There's a girl n class drinking wine out of a taco bell cup. I can smell it.. it's totally reisling. JEALOUS.
Hey bro u need to come home now, me and andy just had a 15 minute conversation about fig newtons. f this bong
That glade motion activator thing keeps going off every time we pass the bong. I don't know what I'm getting high off right now.
After he came he asked what I was doing for thanksgiving.
And when we woke up we made beer pancakes. Great start to a family picture day.
I wonder if that one guy remembers you sticking salami to his forehead when he was passed out on new years eve.
I hope the doctor doesnt lift up and my shirt and listen to my lungs. I dont want to explain why I have rug burns on my back.
so thats a no on the drunken crutches race 2moro
That's why I don't chug things. Because when I was a freshman in college tequila came out my nose.
Just skate-of-shamed, shirtless, with a bucket or margaritas. Good luck beating that one.

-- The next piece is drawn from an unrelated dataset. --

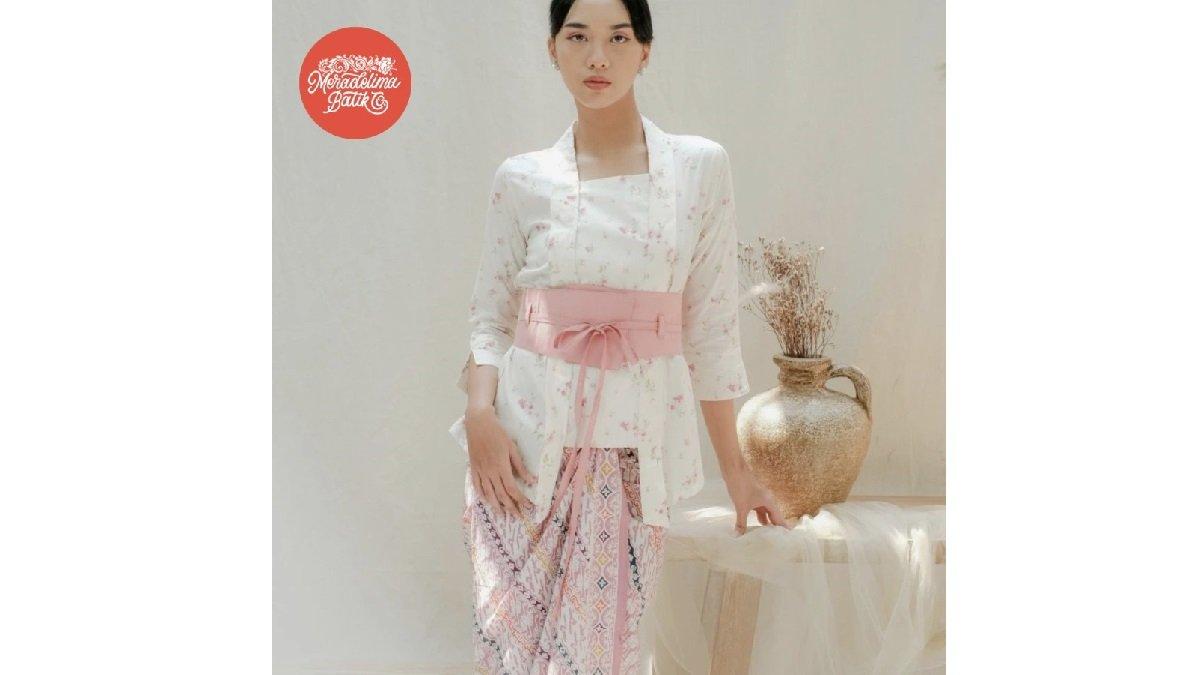Kebaya Kutubaru Clarris Meradelima Putih Pink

The plane down was full of newly weds and I counted 5 pairs of mile high club members. Actually, one might have been a group membership discount.
A duck just looked me in the eye whilst I peed in a lake. I feel so dirty.
I've reached the last of the wine in my cup so now I have to sit up in my bed to get it through the crazy straw
Annoying and petty is the name of the game and I'm the MVP.